Ruhum, sıcacıktı. Beni ısıtan bir evim vardı, kollarıyla beni sıcak tutan bir babam, saçlarımı okşayan bir annem, beni koruyan bir ablaya sahiptim. Ruhumu her daim sevgiyle ısıtan bir ailem vardı.

Aynı çatı altında mutlu bir yaşama sahiplik yapan bir evimiz vardı. Kalplerimiz her daim soğuk kış aylarında sıcak kalmayı başarırdı.

Lakin o sıcaklık artık onlarla beraberinde beni terk etmişti. Hayatım soğuk bir kış ayazında üşüyordu, beni kollarıyla saracak ne bir babam kalmıştı ne de şefkatli elleriyle saçlarımı seven annem, beni korumak için kol kanat geren bir ablamda yoktu.

Ruhum artık üşüyordu, kış ayları hep böyle mi soğuktu? Kalpler kar mı tutmuştu? Neden herkesin kalpleri buz tuttuğu gibi sözleri de yüreğimi soğuk ayazlara beni mahkum bırakmıştı?

Yıllar geçse de değişmeyen şey özgürlüğümün bir prangaya bağlı oluşuydu. Adaletsizliğin kol gezdiği toprakları terk etmiştim çoktan. Fakat hayatımın kısır döngüsü beni esaretin acımasız ve soğuk kolları arasında ev sahipliği yapmaktan alıkoymuyordu.

Kapalı kapılarınn olduğu odalara layık görülen bedenime bir kilit daha vurulmuştu. Özgürlük sadece bana reva görülüyordu.

İnanç denilen o duygu bana bahşedilmiyordu. Kimsesizliğimin acımasız tarafı buydu. Başka bir milletten oluşum beni saniyeler içinde bir haine dönüştürmüştü.

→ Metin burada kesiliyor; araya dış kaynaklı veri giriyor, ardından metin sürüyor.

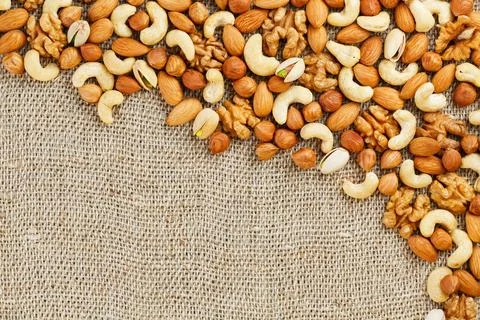 Roasted peanuts in the shell and peeled in a cup, against a gray wooden table Фото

Kanlı oyunda kurban edilen yeniden ben olmuştum. Kartlar dağıtılmıştı, oyun oynanmıştı. İpleri elime aldığımı sanarken o ipte kurban edilen yeniden bendim. Kral Albatros'un hamlesi, benim üzerime oynadığı bir kumardı.

Oysa ki üzerimden oynanan kumarların haddi hesabı olmazken,yeniden seçilmiş kişi olmak beni çokta şaşırtmıyordu.

Alışmıştım, hainlik denilen elbise benim derime işlenmişti. Yeniden bir odaya hapsedilmiştim. Bir esaret bitmiş, yeni esaretin kapıları bana Türkiye sularında açılmıştı.

Üzerime atılan iftiralar ardından Lodos timinden hiçbiri benimle irtibata geçmemişti. Yok sayılmıştım, dinlenmemiştim. Ağzımdan çıkan her bir söz yalan kabul edilmişti. Kendimi savunup,açıklamama bile izin verilmemişti.

Onların adalet terazisi bir bana hor görülmüştü. Oysa ki bir mahkeme salonunda bir katilin bile kendini açıklaması adına söz hakkı veriliyordu.

Ben bir katil değildim,bir hain, bir işbirlikçi değildim. Ben sadece seçilen bir kurbandım,yapılan bu kirli oyunun üzerine yıkılan kurbandan ötesi değildim. Uzun zamandır onları görmüyordum.

Neler olduğundan bir haber bir şekilde bana biçilen cezayı bekliyen bir mahkumdan halliceydim. Bu süreçte benimle iletişim kuran, yemek getiren, ihtiyaçlarımı karşılayan Teğmen Muştafya vardı. İsmi tam olarak böyle olmasa da dilim buna dönüyordu.

Kapının kilidi döndü. Balkonda sandalyeye yaslı bir şekilde karşımda eğitim gören askerleri izliyordum. Ses ile kafamı kapıya doğru yönlendirdim. Muştafya görüş açıma girdi. Geniş omuzlara sahipti, geniş bir sırtı vardı. Kumral saçları gözlerinin önüne düşüyordu. Yüzünü gördüğüm ilk askerdi. Oldukça uzun boylu bir çocuktu. Sert bakan kahverengi gözlere sahipti. İlk zamanlar sadece "evet" ve "hayır" demeyi biliyor sanıyordum fakat sonrasından onu açmayı başarmıştım.